[Web page caption snippets]

- - -

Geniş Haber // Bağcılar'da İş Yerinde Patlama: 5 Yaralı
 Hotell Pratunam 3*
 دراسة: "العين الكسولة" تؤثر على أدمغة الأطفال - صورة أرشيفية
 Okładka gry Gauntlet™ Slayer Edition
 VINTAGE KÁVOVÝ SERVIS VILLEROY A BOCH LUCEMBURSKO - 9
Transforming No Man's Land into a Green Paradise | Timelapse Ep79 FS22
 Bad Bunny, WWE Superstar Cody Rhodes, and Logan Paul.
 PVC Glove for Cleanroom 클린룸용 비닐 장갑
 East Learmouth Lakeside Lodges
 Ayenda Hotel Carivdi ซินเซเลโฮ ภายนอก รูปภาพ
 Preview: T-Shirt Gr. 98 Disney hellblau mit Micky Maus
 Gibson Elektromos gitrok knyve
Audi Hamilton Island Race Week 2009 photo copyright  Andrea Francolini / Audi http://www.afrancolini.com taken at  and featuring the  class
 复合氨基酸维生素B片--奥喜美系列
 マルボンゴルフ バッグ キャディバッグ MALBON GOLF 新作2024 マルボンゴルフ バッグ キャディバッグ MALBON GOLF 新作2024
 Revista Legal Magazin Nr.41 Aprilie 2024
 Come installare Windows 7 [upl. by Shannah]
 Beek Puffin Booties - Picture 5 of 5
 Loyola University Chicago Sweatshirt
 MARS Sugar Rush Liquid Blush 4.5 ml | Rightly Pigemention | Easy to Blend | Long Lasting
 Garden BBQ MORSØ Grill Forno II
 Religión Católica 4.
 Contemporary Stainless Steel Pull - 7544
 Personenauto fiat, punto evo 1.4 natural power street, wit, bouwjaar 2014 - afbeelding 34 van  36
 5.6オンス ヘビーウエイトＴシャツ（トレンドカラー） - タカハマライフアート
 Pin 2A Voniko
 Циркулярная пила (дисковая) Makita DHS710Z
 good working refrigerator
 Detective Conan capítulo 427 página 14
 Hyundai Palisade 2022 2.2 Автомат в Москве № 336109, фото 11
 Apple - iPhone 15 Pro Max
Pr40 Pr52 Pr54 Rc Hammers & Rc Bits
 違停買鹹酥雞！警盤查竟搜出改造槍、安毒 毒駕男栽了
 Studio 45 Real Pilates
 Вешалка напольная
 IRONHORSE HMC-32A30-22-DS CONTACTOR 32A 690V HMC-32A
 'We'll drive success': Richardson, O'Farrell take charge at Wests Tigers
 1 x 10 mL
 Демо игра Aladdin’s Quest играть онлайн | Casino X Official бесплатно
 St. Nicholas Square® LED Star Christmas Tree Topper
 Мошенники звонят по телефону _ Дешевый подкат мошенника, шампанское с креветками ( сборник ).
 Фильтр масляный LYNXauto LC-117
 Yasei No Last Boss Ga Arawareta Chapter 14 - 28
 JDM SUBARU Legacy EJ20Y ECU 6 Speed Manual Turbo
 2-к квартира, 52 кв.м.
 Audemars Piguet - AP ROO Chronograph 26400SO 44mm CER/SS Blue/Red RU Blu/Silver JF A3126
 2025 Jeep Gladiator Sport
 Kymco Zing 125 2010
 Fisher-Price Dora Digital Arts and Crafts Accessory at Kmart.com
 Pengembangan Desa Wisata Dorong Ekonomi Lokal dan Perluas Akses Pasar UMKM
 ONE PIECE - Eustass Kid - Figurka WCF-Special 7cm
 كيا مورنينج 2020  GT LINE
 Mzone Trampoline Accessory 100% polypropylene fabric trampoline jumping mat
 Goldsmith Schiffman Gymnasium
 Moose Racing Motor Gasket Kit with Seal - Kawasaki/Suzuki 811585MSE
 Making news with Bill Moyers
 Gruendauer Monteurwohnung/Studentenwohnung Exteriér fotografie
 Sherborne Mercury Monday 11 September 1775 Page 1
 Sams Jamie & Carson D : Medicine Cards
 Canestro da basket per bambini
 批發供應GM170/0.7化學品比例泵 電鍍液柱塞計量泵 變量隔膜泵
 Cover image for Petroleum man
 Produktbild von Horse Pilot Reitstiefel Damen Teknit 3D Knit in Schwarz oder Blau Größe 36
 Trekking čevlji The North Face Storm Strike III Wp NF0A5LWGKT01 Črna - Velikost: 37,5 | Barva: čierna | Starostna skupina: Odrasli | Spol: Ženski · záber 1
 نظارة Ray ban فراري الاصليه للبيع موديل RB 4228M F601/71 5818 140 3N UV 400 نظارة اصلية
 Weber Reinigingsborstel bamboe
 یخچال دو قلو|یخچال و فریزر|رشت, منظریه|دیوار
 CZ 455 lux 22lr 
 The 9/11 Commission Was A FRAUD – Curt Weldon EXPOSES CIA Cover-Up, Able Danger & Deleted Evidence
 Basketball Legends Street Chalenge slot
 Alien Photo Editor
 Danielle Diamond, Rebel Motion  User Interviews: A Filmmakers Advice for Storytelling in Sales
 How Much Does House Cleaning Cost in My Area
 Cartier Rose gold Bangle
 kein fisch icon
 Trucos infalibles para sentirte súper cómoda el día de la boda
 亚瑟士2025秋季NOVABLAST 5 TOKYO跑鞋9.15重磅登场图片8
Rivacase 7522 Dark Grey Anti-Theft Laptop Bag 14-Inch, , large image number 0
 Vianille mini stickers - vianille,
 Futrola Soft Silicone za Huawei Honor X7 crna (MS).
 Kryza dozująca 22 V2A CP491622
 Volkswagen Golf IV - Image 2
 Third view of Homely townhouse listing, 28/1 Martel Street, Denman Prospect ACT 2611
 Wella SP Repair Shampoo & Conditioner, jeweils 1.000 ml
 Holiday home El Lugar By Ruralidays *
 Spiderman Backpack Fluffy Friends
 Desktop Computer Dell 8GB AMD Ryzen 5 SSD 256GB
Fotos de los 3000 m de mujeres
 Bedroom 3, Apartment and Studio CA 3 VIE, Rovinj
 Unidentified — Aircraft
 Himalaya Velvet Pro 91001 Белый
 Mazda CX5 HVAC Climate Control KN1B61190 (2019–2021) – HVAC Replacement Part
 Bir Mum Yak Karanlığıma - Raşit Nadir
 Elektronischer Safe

- - -

Task item => Going through the entries above, count the lines that have the word "Cover" and state that count alone.

Exercise solution => 2